Cafe Cola, Jeju: Inside the Most Obsessive Coca-Cola Museum You Can Actually Drink In

A brunch cafe, a collector’s obsession, and one of Jeju’s most photogenic spots — all wrapped in signature red.


If you’ve driven along Jeju’s northern coastline and suddenly spotted a building so aggressively, unapologetically red that you had to do a double-take — congratulations, you found it. Cafe Cola (카페콜라) is exactly what it sounds like and so much more than you’d expect. I went in thinking it was a quirky themed cafe. I came out genuinely stunned.


First Impressions: The Outside Hits You First

The exterior alone is worth a stop. A massive “CAFECOLA” sign in oversized red letters crowns the building, and the covered arcade-style entrance is lined with arched red columns, vintage Coca-Cola fridges, and life-size bottle cutouts. A weathered Coke cooler sits on the porch like it’s been there since 1965. The whole thing radiates a joyful, slightly unhinged energy — the kind that makes you reach for your camera before you’ve even walked in.

The building faces the sea. On a clear day, the ocean peeks out behind the rooftop terrace, and inside, the upper-floor windows frame the rocky coastline in wide panoramic views. It’s an unexpectedly beautiful pairing: vintage American diner nostalgia set against Jeju’s volcanic shoreline.


Step Inside: This Is Not Just a Cafe

Here’s where things get serious. What looks like a themed cafe from the outside is, on the inside, something closer to a private Coca-Cola museum — one that happens to serve you coffee and Cherry Coke while you explore it. And it’s bigger than it looks: the cafe spans what feels like two full buildings side by side, with distinct rooms, corridors, a separate gift shop section, and an upper floor with ocean views. The scale of the place is the first thing that hits you.

Every wall, every shelf, every corner is covered. Framed vintage advertisements from the 1940s through the 1980s line corridor walls. Display cases are packed floor-to-ceiling with collectibles: limited-edition bottles from around the world (including a striking German “Schutzmarke” 1-liter bottle), miniature vending machines, Olympic-edition cans, plush polar bears in Santa scarves, Playmobil figures in Coke packaging, die-cast trucks, and promotional items in languages spanning Korean, Chinese, Japanese, French, and English.

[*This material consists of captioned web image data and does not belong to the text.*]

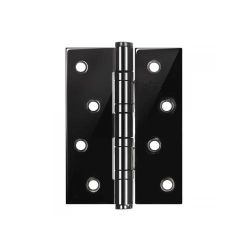 Петля дверная RENZ 4BB 100x75x2,5мм FH BN (черный никель)
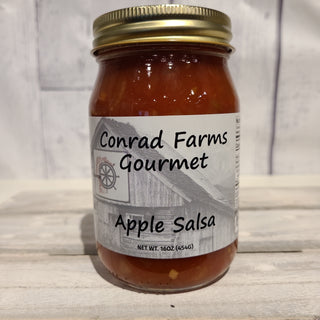 Apple Salsa 16oz - Conrad's Gourmet Gifts - product image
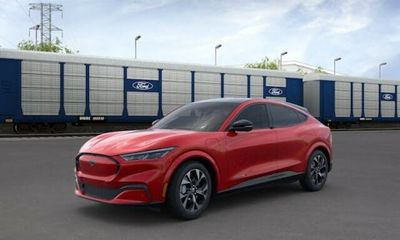 2022 Ford Mustang Mach-E Premium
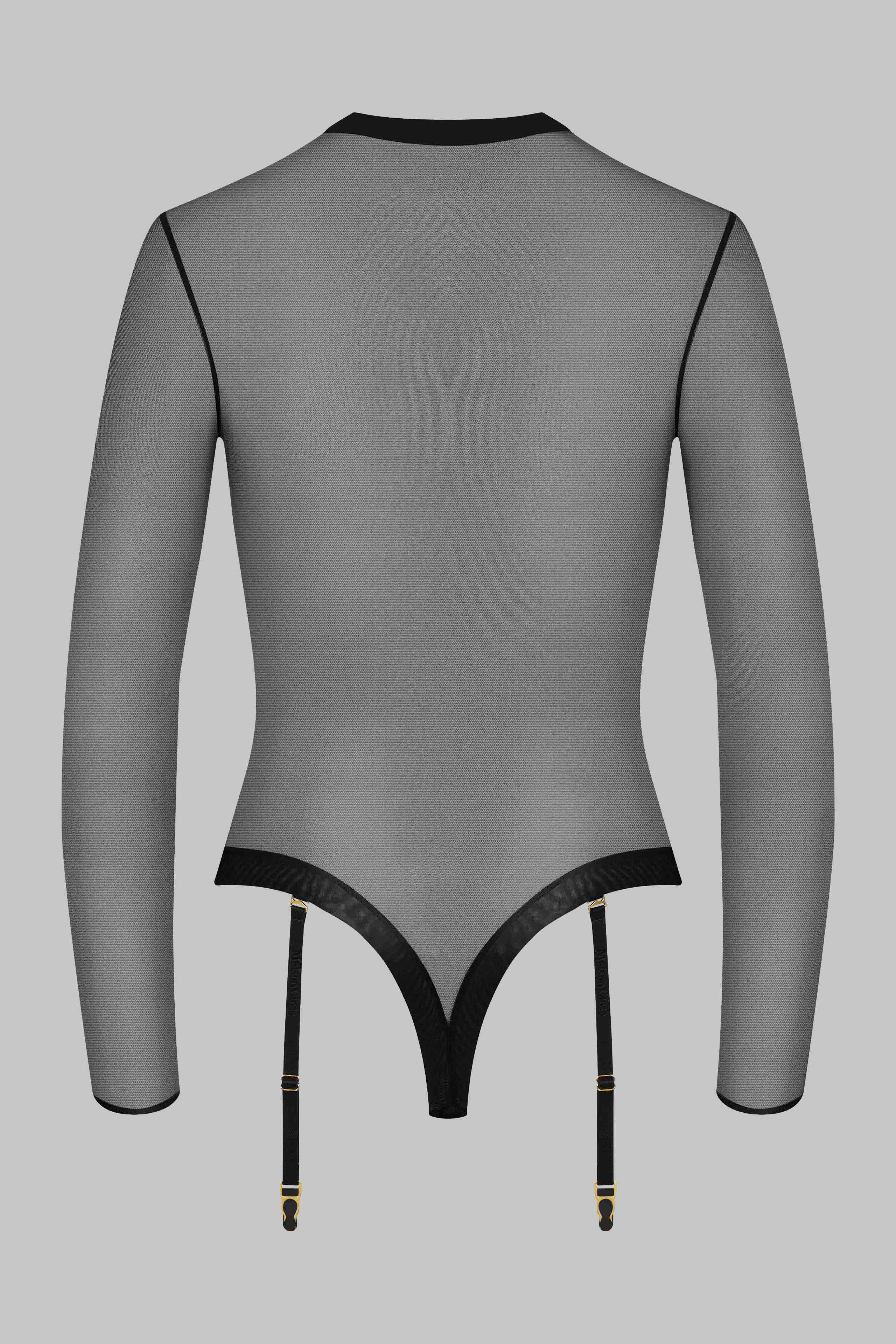 Thong body with suspenders - Corps à Corps - Image 5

The collection is genuinely staggering. Not “oh, there are a few shelves of stuff” staggering — more like “I need to sit down and process this” staggering. Display cases are lit from within, and the density of objects on every shelf gives the whole place an almost archaeological feeling. You keep finding things: a Spiderman figurine draped with a Coke banner here, a full-sized stuffed polar bear in a Santa hat guarding a doorway there.

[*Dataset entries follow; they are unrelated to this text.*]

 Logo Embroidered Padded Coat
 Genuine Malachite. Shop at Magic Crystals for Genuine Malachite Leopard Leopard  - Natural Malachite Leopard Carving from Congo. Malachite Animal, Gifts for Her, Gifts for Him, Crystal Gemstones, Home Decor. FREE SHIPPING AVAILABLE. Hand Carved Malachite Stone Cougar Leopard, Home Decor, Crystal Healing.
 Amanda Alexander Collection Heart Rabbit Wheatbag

One room is done entirely in black-and-white checkerboard tile — walls, floor, ceiling — with red velvet tufted benches and fairy lights. Another has a small circus tent prop in the middle, surrounded by vintage enamel signs and a theatrical high-backed red chair. The main seating area flows into a corridor of display cases, a gift shop stacked with merchandise, and a bar area with Coca-Cola branded stools lined up along a counter.

The overall effect is somewhere between a fever dream and someone’s life’s work lovingly made public. It’s both.


The Drinks: Yes, You Can Get a Cherry Coke Here

The menu leans into the theme with total commitment. Highlights include:

  • Cherry Coke — served cold, properly done, and genuinely satisfying
  • Cola Coffee (Coke Black) — a coffee-and-cola hybrid available hot or iced that’s become a signature of the cafe; reviewers consistently call it a must-try
  • Coke Slush — refreshing and perfectly matched to the diner-style setting
  • Chocolate cake — recommended by multiple recent visitors alongside the coffee drinks

But the detail that caught me most was the lip-shaped straw topper. Your drink arrives with a pair of red lips perched on the straw — a small touch, but it’s so on-brand and so photogenic that it elevates the whole experience. It’s the kind of thing you photograph immediately and then feel slightly silly about, and then photograph again from a better angle.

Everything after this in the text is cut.